*Records shown*.

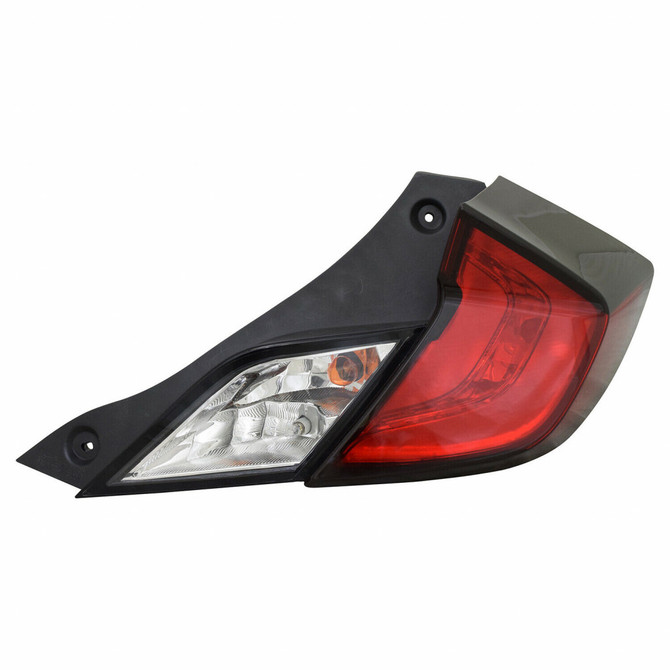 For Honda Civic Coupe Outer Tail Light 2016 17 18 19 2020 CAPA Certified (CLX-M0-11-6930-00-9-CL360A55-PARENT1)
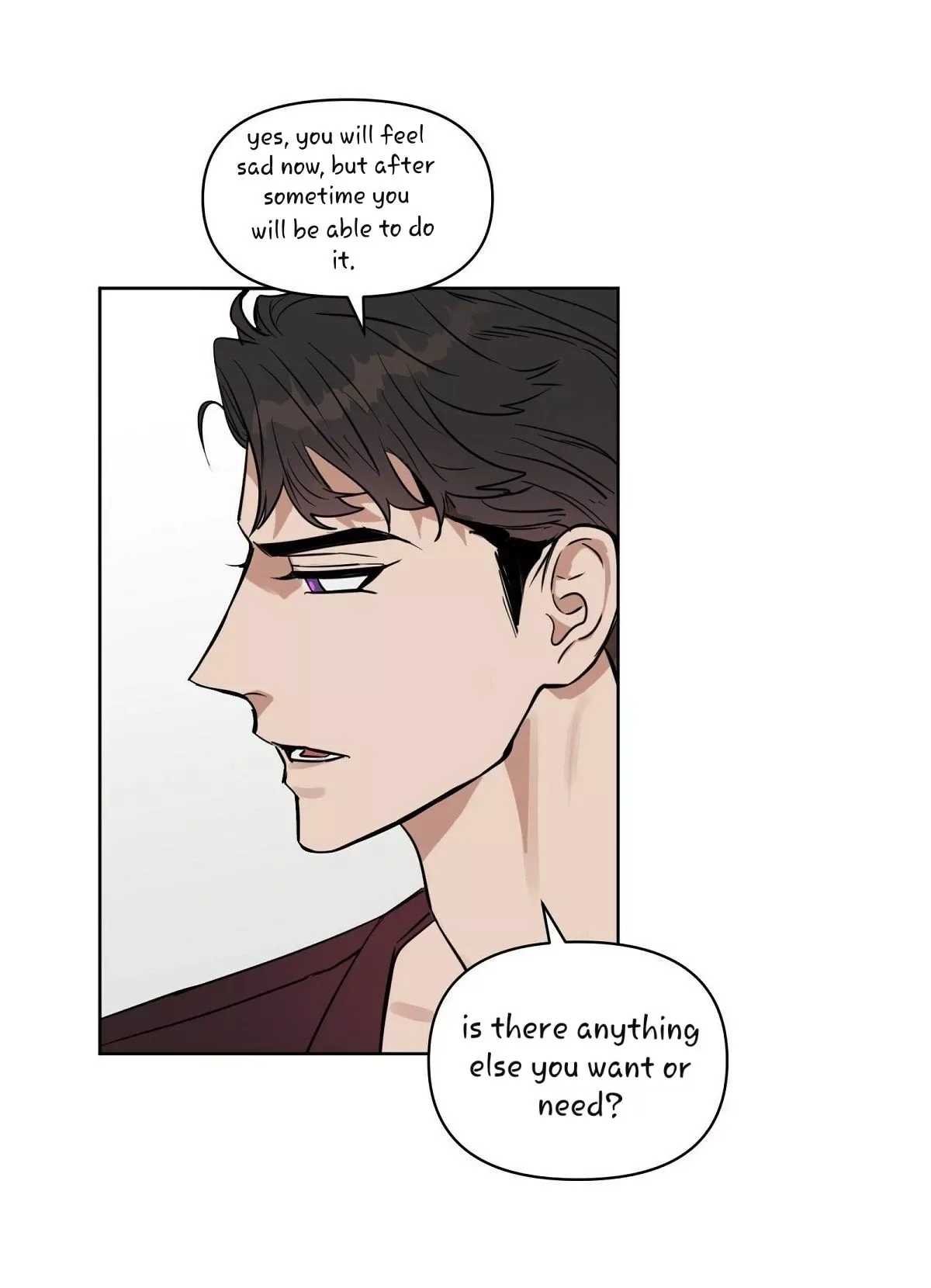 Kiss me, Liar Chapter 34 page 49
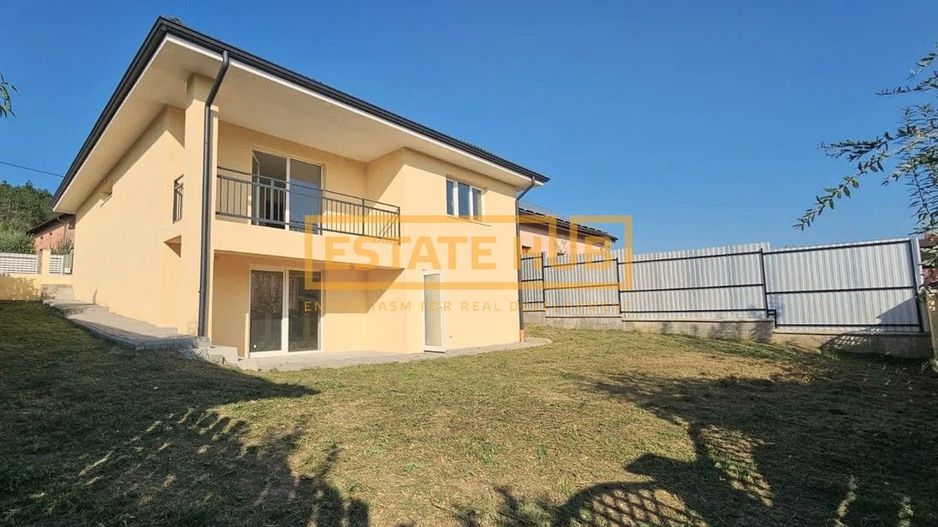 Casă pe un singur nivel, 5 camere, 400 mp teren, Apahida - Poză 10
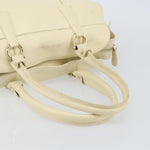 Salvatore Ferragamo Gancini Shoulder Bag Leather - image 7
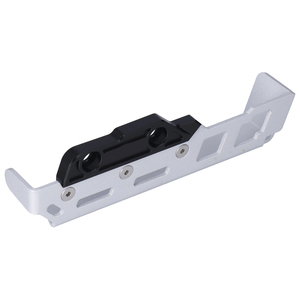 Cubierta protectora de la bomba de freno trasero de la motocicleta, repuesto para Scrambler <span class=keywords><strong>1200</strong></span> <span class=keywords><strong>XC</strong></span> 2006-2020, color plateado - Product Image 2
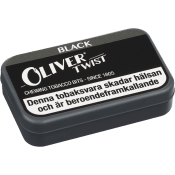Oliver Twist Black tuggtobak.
---
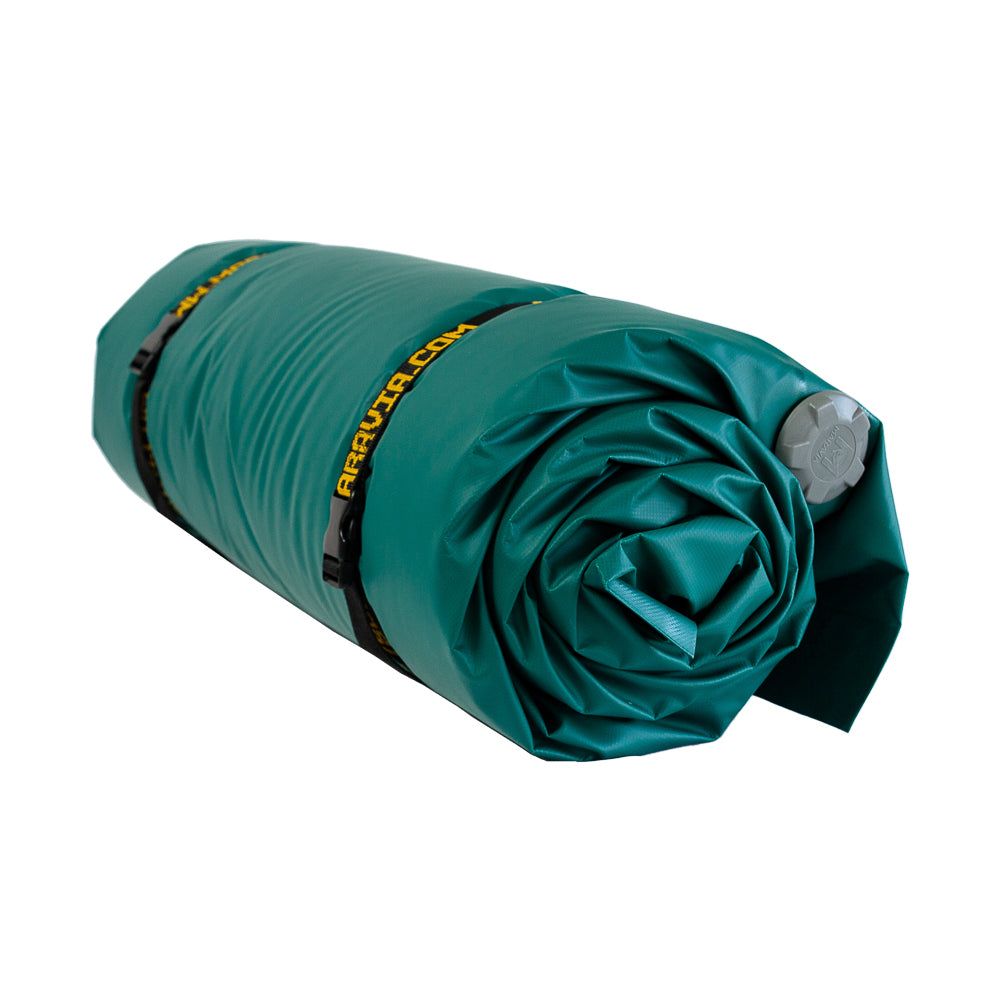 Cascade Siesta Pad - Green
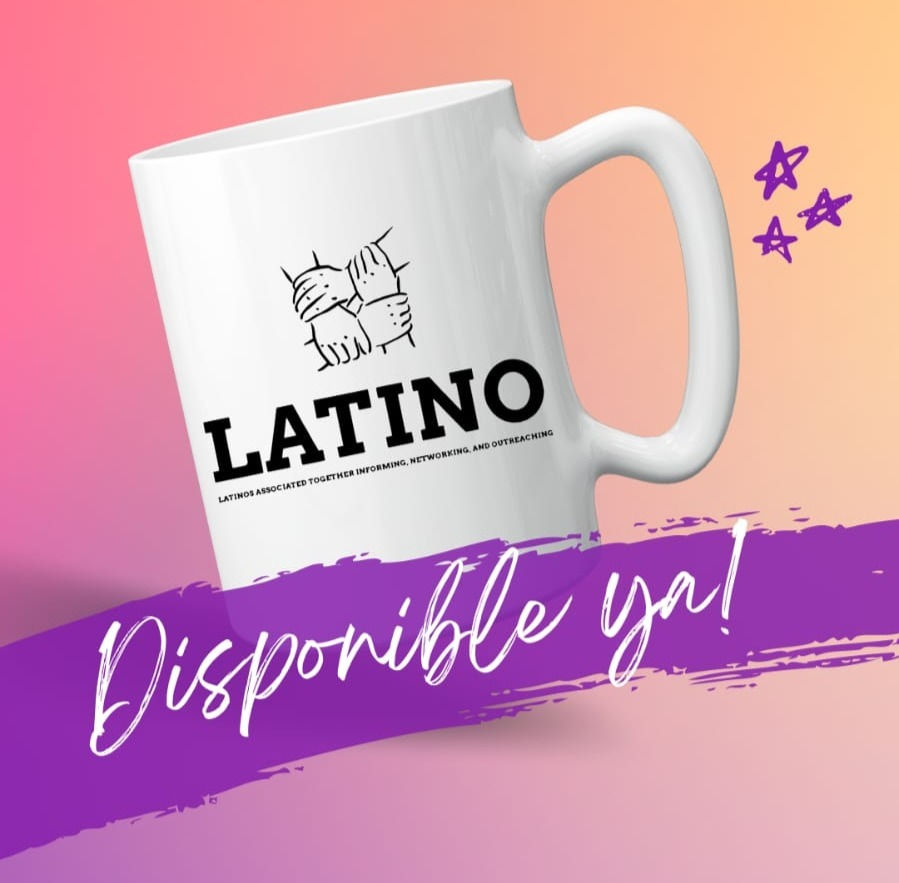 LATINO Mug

*What is expected*.
Beginning with the line above that contains "Salvatore Ferragamo Gancini" and ending with the line that contains "Oliver Twist Black tuggtobak.", quote each line exactly, keeping out the pictures.

*Output of the task*.
 Salvatore Ferragamo Gancini Shoulder Bag Leather - image 7
 Cubierta protectora de la bomba de freno trasero de la motocicleta, repuesto para Scrambler <span class=keywords><strong>1200</strong></span> <span class=keywords><strong>XC</strong></span> 2006-2020, color plateado - Product Image 2
Oliver Twist Black tuggtobak.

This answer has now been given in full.